## [What the exercise asks]
Beginning at the line that holds "Sun Moon Lake Royalty Free Stock Photo", transcribe each line exactly through the end of the records, and leave any pictures out.

## [Records for this task]
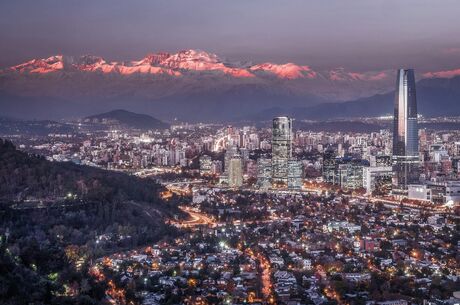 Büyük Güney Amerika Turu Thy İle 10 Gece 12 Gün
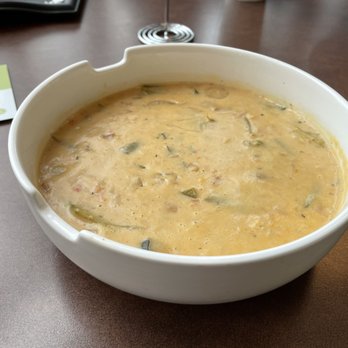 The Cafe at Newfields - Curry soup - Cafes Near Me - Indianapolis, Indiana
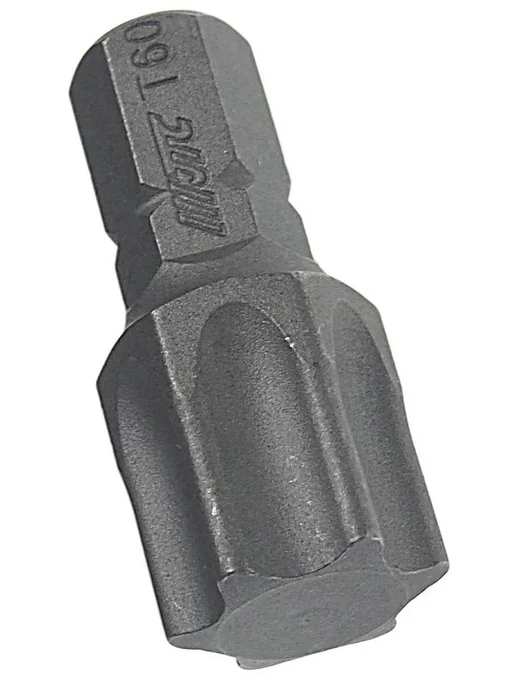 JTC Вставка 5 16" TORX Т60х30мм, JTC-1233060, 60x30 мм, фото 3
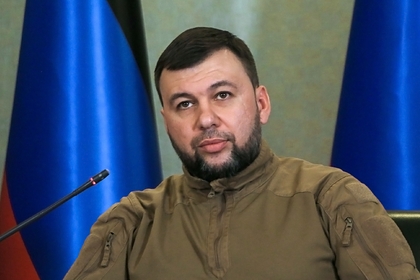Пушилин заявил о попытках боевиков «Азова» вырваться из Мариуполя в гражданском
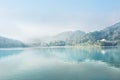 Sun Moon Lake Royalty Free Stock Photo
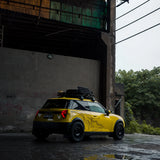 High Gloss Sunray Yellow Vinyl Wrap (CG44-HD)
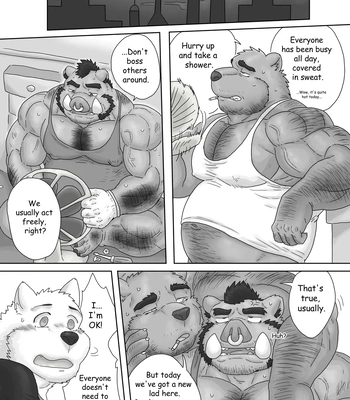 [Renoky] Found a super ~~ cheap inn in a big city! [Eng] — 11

## [Exercise result]
 Sun Moon Lake Royalty Free Stock Photo
 High Gloss Sunray Yellow Vinyl Wrap (CG44-HD)
 [Renoky] Found a super ~~ cheap inn in a big city! [Eng] — 11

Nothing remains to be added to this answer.